Syracuse and Cornell Universities win $4 million for International and Area Studies

Syracuse and Cornell Universities have been awarded two grants of $1.6 million and $2.4 million for joint National Resource Centers in European and South Asian Studies. These US Department of Education grants cement the two universities’ partnership in South Asian studies, and inaugurate cooperation on European studies. The grants will enable the two universities to offer generous graduate fellowships for language and area studies, as well as supporting curriculum development, library collections, scholarly conferences, regional workshops in upstate New York, and a range of outreach activities.

Syracuse University has founded a new Center for European Studies to coordinate these activities. Both the Center for European Studies and the long-standing South Asia Center are housed within the Moynihan Institute at the Maxwell School.

The Syracuse Center for European Studies will use these new resources to launch a process of rethinking European studies at Syracuse, in order to prepare students for a changing Europe whose boundaries and divisions have become more complex.
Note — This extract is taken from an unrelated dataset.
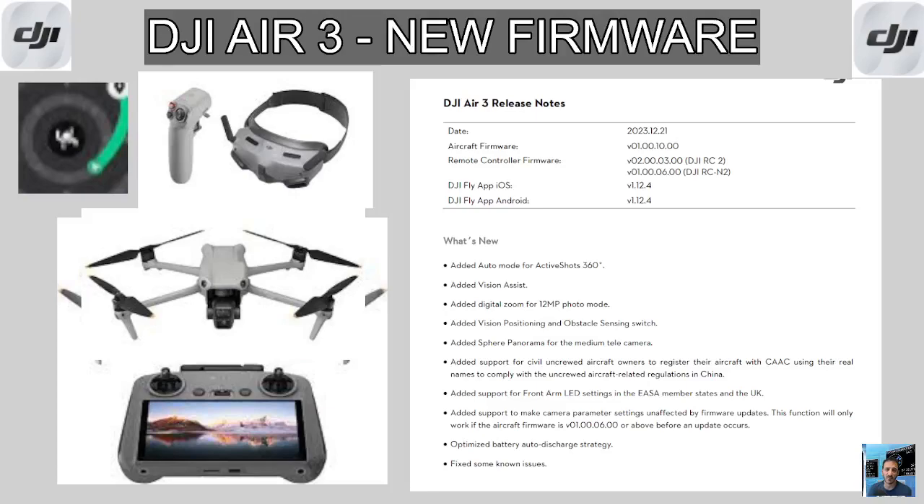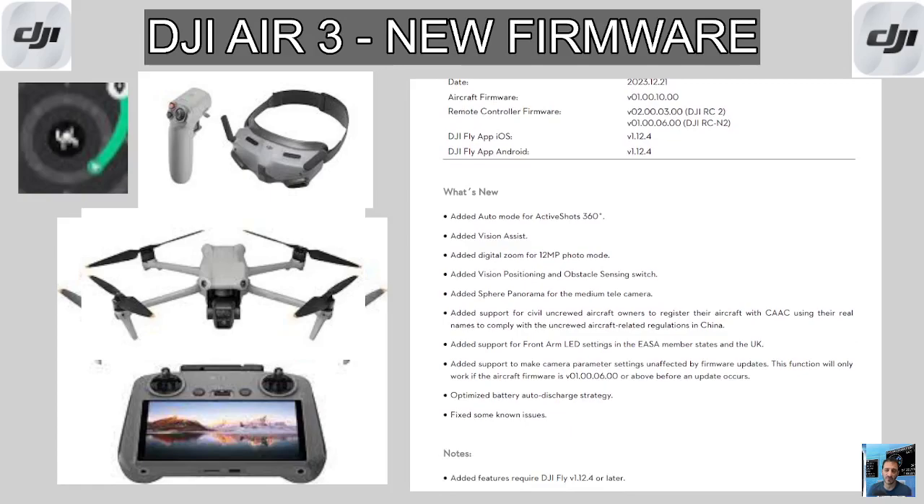Hamtech, welcome to my drone videos. New firmware for the DJI Air 3. These are the release notes which I will put in the description. This is what has been added — what's new?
It will add new languages to the curriculum at Syracuse, starting with Polish and Turkish in Fall 2003, enhance library collections, and establish Syracuse University as a regional center for European studies and public affairs.

The new Center for European Studies will work closely with Syracuse's existing European Union Center, which is funded by a grant from the European Commission. This award makes Syracuse one of only a handful of American universities with both US- and European-funded Centers in European studies. Both Centers will now benefit from close cooperation with Cornell’s Institute for European Studies, with its outstanding faculty, strong working paper series, and long-standing commitment to instruction in less-commonly taught European languages.

The South Asia Center at Syracuse University has been recognized as a National Resource Center since the mid-1980s. Its primary focus in coming years will be on studying increased religious tensions in South Asia, with new courses on politics and Islam. The Syracuse South Asia Center has particular strengths in religion and the social sciences, with numerous scholars focusing on gender issues in South Asia. This year the Center will sponsor the Ray Smith Symposium in the College of Arts and Sciences entitled, "Drawing a Line in Water: Religious Boundaries in South Asia". In conjunction with the Newhouse School and U. Encounter, the Center will also sponsor, for the second year, a two week workshop "Illuminating Oppression: Human Rights Films from South Asia". The new Center grant allows the Syracuse Department of Languages, Literatures, and Linguistics to offer two South Asian languages -- Tamil and Hindi. The Center also works closely with the South Asia Center at Cornell University, sponsoring workshops and courses in India's environment, health care, media studies, and other projects.

Winning support for these two centers demonstrates national recognition for Syracuse University's commitment to international studies. Their activities during the coming years will move the university strongly towards the Vice Chancellor's goal of making Syracuse University a more international center of learning.